Diishan Imira is the co-founder and CEO of Mayvenn, an e-commerce platform that allows hairstylists to sell hair extensions directly to their clients.

"I grew up, our family had hairstylists in it, so I kind of understand that world," said Imira. "What was very striking, and especially in the African-American community, is that we purchase $9 billion of hair products. But we don't sell any of those products."

Traditionally, customers buy hair extensions online or at a beauty supply store and then bring them to their stylist to have them sewn in. Imira realized that stylists sell shampoo and hairspray, but are missing out on the hair extension market. But there was a hurdle: Extensions are expensive. Salon owners couldn't afford to stock an inventory upfront.

Related Rihanna is filling a hole in the $430 billion beauty market Amazon is trimming some profit off high-end salons

Mayvenn sets salons up with an online store that lets them sell extensions. The stylist refers the client to Mayvenn's stock, the extensions are shipped from Mayvenn directly to the salon and then that stylist gets a commission on the sale.
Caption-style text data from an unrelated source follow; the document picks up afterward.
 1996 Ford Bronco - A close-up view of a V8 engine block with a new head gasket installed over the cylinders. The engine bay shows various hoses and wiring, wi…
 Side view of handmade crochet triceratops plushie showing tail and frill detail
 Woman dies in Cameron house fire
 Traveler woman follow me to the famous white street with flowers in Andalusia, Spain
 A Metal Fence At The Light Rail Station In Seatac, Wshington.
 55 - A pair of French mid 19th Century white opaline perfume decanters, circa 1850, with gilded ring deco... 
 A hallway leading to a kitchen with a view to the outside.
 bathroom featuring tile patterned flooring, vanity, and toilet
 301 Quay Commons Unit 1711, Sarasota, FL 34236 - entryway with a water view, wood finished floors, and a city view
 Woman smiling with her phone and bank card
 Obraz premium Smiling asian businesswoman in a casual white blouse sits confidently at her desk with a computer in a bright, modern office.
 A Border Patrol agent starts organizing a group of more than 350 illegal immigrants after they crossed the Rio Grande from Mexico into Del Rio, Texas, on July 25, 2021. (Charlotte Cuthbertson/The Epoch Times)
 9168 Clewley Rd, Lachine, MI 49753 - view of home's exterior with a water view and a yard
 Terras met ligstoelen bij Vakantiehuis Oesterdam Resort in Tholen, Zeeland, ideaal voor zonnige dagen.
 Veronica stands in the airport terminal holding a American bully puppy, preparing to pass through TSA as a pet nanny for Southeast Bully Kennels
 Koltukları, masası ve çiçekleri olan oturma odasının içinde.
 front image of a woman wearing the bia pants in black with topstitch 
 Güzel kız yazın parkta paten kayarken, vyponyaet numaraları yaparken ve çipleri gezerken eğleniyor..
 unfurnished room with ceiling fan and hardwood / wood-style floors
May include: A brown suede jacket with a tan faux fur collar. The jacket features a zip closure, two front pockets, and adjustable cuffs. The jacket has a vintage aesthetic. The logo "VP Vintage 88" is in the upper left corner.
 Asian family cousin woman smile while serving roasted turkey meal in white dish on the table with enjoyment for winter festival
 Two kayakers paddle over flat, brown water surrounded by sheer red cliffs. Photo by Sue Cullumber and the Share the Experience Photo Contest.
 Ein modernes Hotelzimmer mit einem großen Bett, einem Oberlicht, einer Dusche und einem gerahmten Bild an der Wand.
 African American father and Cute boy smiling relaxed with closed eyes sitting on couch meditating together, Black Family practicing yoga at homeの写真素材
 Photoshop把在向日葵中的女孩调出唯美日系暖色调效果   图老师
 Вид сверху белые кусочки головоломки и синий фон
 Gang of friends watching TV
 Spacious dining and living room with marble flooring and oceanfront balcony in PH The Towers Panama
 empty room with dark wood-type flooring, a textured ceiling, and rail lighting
Getting a slice of the venture capital pie was not easy though. Mayvenn started with just under $50,000, and most of that was money invested by friends. Then Imira got into the 500 Startups program, an accelerator for entrepreneurs. He was able to raise another $800,000 from small funds. 

"It was a lot of trying to get people to understand this demographic that, quite frankly, Silicon Valley is not investing in," he said. "So that was another part that was really kind of an uphill battle."

His strongest pitch? Hair extensions and wigs are a $5 billion market in the U.S. And outside of the African-American community, more people are wearing them as a fashion accessory.

Shameka Montgomery, who owns The Luv of Hair, a salon in Emeryville, California, said most of her business comes from sewing in extensions. She charges $400 minimum for the service, which involves hand stitching. Being able to sell the product directly has boosted business. 

"I had one client sitting in a chair getting a sew-in and she saw a curly unit that I had just finished making. And she purchased it," she said.

The cost of the product alone? $1,100.